What can be done with the remaining 48 bits?
Some ideas:
# The highest 4 bytes can represent data to append to the literal.  In this 
way, half of the size overhead of the encoding is removed.  This should 
generally only apply to the last COLS code in the block (for performance 
reasons and maintaining 8 byte alignment on all arraycopy operations, but its 
encoder optional).
# the next bit represents whether the COLS block has an implicit 0L appended.
# a bit can be used to signify endianness (this might be a better fit for the 
Block header or stream metadata -- detecting zero's works without known 
endianness)
# The next three bits can represent how much data is truncated or appended to 
the literal, (before the optional implicit 0L): 

|| value || meaning ||
| 000 | do not truncate or append |
| 100 | append all 4 leading bytes in the COLS code after the literal |
| 111 | append the first 3 leading bytes in the COLS code after the literal |
| 110 | append the first 2 leading bytes in the COLS code after the literal |
| 101 | append the leading byte in the COLS code after the literal |
| 011 | truncate the last 3 bytes of the literal |
| 010 | truncate the last 2 bytes of the literal |
| 001 | truncate the last byte of the literal |

This leaves us with 12 bits.  I propose that these be used for rudimentary 
(optional) compression:

* Option A:
** Run length only -- the 12 bits represent the number of times to repeat the 
literal.  Or 4 bits are the number of COLS chunks backwards (including this 
one) to repeat, and 8 bits is the number of repeats.  Or ... some other form of 
emitting copies of entire COLS chunks.
* Option B:
** Some form of LZ-like compression that copies in 8 byte chunks -- 4 bits 
represent the number of Longs to copy (so, max match size is 15 * 8 bytes), and 
8 bits represents the number of Longs backwards (from the end of this COLS 
chunk) to begin that copy (up to 2KB).  Because of the truncation/append 
feature, this is not constrained to 8-byte aligned copies on the output, but 
the encoded format is entirely 8 byte aligned and all copies are multiples of 8 
bytes.  I would not be surprised if this was as fast as LZO or faster, since it 
is very similar but operates in a more chunky fashion.  Compression levels 
would not be that great, but like most similar algorithms to this the encoder 
can do more work to search for matches.  Decoding uncompressed data should be 
essentially free (if the 4 bits are 0, do nothing -- and most COLS blocks would 
be fairly large so this check does not occur that frequently).
* Option C:
** Reserve those 12 bits for future use / research

Alternatively, one to 4 extra bytes used for the "append" feature can be 
reassigned to have more than 12 bits for compression metadata. 

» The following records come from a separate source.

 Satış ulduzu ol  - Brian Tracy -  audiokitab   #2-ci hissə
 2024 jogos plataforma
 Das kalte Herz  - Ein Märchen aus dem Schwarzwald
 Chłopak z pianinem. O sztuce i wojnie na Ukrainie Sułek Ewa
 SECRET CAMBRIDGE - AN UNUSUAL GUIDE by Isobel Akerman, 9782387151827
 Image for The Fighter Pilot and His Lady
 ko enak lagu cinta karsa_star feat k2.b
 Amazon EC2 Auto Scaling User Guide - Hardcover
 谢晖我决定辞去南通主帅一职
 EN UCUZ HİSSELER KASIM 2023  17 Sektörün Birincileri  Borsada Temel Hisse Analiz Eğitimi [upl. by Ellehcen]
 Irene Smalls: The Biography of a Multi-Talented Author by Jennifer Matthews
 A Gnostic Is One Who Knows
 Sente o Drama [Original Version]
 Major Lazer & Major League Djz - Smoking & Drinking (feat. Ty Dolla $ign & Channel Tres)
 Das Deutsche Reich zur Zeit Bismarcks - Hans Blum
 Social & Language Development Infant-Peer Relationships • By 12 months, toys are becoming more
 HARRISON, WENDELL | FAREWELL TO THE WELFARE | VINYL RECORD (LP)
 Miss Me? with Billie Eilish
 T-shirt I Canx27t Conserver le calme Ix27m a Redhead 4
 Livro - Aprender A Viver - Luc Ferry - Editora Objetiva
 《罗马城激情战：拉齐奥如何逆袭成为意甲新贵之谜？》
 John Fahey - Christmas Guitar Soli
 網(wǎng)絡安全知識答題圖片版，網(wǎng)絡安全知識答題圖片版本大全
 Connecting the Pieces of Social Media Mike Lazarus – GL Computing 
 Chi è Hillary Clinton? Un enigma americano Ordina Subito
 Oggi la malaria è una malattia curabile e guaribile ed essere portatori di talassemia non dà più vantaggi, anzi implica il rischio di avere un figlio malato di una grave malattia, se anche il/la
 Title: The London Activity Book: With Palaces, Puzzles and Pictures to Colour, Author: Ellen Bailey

So, with the above modifications, the COLS code  looks like this:

The COLS code is 8 bytes.  The low 16 bits encode basic meaning.
An 8 byte COLS code cannot be 0L.
|| Code & 0xFFFF (low 2 bytes) || Followed by || Meaning || 
| 0x0000 | N/A | (not allowed)|
| 0x0001 | nothing | A single zero Long |
| 0x0002 | one long (8 bytes) | The single data long |
| 0x0003 | two longs (16 bytes) | The pair of data longs |
| n | (n-1) longs |  The (n-1) longs |
| 0xFFFF | 2^16 - 2 longs | 2^16 - 2 longs |

The next portion, is to determine the state of truncation or appending. 
Two options are listed -- only truncation, and truncation/appending.  The 
appending could be up to 5 bytes if we squeeze all the rest of the space.  The 
example below is for up to 4 bytes appended and 3 bytes truncated.

{code}appendCode = (Code >> 28) & 0xF;{code}

|| appendCode & 0x7 || Append (+) or truncate (-) || From || truncate only 
option ||
| 0x0 | 0 | nothing| 0 |
| 0x1 | (-)1 | nothing | (-)1 |
| 0x2 | (-)2 | nothing | (-)2 |
| 0x3 | (-)3 | nothing | (-)3 |
| 0x4 | (+)1 | Code >>> 63 | (-)4 |
| 0x5 | (+)2 | Code >>> 62 | (-)5 |
| 0x6 | (+)3 | Code >>> 61 | (-)6 |
| 0x7 | (+)4 | Code >>> 60 | (-)7 |

It may be wiser to choose an option between these.  If 3 bytes are chosen as 
the max arbitrary append length, with 4 truncated, 20 bits are left for other 
purposes, rather than 12.  The average COLS chunk would be one byte larger.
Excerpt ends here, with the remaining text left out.